By Mary Engel / Fred Hutch News Service
An experimental drug for genital herpes that showed promising results in a small, early-phase clinical trial has done so again in a second trial, this time outperforming the current treatment in a head-to-head comparison, according to a study published Tuesday in JAMA.
“We showed that the new drug, pritelivir, which is still in early development, reduced the rate of viral shedding more than the standard, valacyclovir,” said Dr. Anna Wald, a University of Washington and Fred Hutchinson Cancer Research Center researcher and lead author of the new study. In fact, Wald added, “I was surprised at how much more effective pritelivir was.”

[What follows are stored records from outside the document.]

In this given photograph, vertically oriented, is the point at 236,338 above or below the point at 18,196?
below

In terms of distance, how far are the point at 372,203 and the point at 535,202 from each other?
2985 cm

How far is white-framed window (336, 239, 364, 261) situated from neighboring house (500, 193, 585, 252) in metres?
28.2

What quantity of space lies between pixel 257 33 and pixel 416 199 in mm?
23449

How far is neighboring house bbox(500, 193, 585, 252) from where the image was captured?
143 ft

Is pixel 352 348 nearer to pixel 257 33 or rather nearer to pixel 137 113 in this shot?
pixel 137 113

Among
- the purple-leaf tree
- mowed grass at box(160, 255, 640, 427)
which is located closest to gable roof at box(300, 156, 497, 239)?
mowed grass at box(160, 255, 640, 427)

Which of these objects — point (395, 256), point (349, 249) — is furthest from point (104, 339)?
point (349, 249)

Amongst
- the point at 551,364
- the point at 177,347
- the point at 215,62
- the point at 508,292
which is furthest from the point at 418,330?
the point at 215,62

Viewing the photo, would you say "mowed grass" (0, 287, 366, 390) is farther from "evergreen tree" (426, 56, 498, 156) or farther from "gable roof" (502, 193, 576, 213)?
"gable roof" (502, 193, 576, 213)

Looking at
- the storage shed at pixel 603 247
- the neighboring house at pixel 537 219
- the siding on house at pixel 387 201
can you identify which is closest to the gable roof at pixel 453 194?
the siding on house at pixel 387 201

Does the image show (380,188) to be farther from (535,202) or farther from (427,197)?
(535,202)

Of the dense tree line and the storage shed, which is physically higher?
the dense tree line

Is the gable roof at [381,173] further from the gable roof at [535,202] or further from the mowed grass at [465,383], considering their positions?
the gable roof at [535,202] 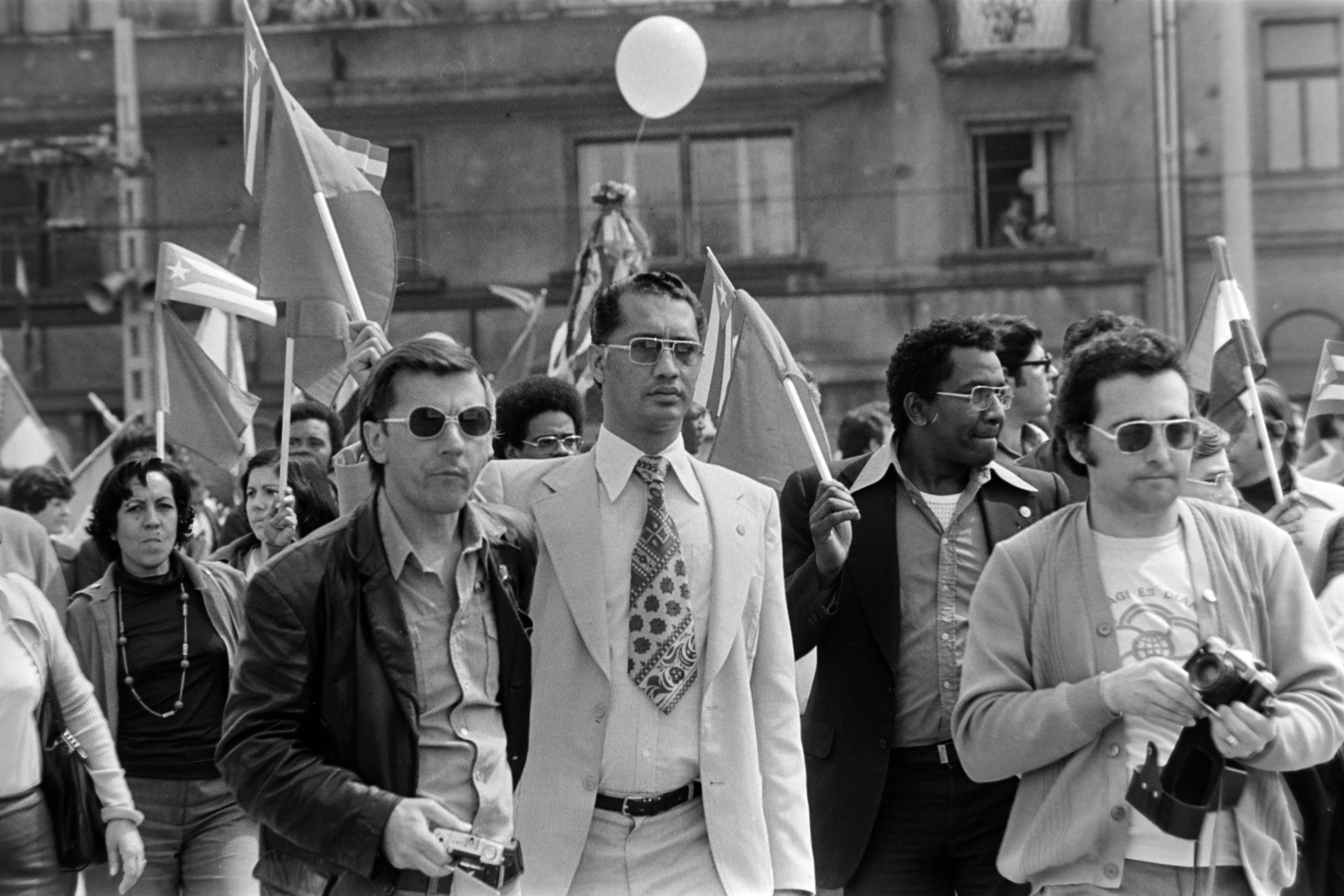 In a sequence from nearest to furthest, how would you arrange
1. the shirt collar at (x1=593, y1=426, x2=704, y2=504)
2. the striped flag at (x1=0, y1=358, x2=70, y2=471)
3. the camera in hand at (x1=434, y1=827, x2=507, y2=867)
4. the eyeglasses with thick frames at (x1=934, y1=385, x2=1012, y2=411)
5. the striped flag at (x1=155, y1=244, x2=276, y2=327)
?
the camera in hand at (x1=434, y1=827, x2=507, y2=867) < the shirt collar at (x1=593, y1=426, x2=704, y2=504) < the eyeglasses with thick frames at (x1=934, y1=385, x2=1012, y2=411) < the striped flag at (x1=155, y1=244, x2=276, y2=327) < the striped flag at (x1=0, y1=358, x2=70, y2=471)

Viral shedding is the stage at which the virus is active and can potentially be spread to sexual partners. Fear of infecting a partner is “the biggest concern for most people with herpes,” said Wald, who is the medical director at the UW Virology Research Clinic.
The results of the phase 2, randomized, double-blind trial published today showed that when people with genital herpes took a daily oral dose of pritelivir, they reduced their rate of viral shedding by half compared to when they took valacyclovir. They also had fewer genital sores and less pain.
Genital herpes is caused by the herpes simplex virus, usually the type called HSV-2. Lifelong and incurable, it is one of the most frequent sexually transmitted infections worldwide. There have been no new treatments in 20 years.
The next step, Wald said, is to continue testing pritelivir to assess its safety. Although the clinical trials conducted so far in humans have shown no serious side effects, the U.S. Food and Drug Administration put a hold on the drug’s clinical use in 2013 because of skin and blood abnormalities shown in a concurrent animal trial. The hold came while the study published today was underway, forcing it to end early.
The German drug maker AiCuris is working with the FDA to partially lift the hold so that pritelivir can be tested in a new clinical trial on patients who are resistant to drugs in the acyclovir family, which include acyclovir, famciclovir and valacyclovir.
“I hope that if the trial for acyclovir-resistant HSV goes well, we would be able to go back to the general population with further trials,” Wald said. “It’s important to develop new drugs for this incredibly common infection.”
In the U.S., an estimated 16 percent of adults between ages 14 and 49 are infected with HSV-2. The virus spreads through skin-to-skin contact during vaginal or anal sex and can cause painful genital and anal lesions. (Another herpes simplex virus, HSV-1, usually causes cold sores on the lips but can be transmitted through oral sex and cause genital lesions as well.)
The virus can be passed to newborns and cause serious illness or death. In people with suppressed immune systems, such as those undergoing chemotherapy or other cancer treatments, sores can be severe. And HSV-2 infection can increase the risk of getting or transmitting HIV. In sub-Saharan Africa, HSV-2 is one of the main drivers of the HIV pandemic, Wald said.
Once a person is infected, the virus persists in a dormant state, hiding out in nerve cells but frequently reactivating. One of the tricky things about genital herpes is that rapid viral expansion resulting in high viral loads can occur before a sore is visible or without symptoms at all. So even if people avoid sex during visible outbreaks they still spread or contract the virus.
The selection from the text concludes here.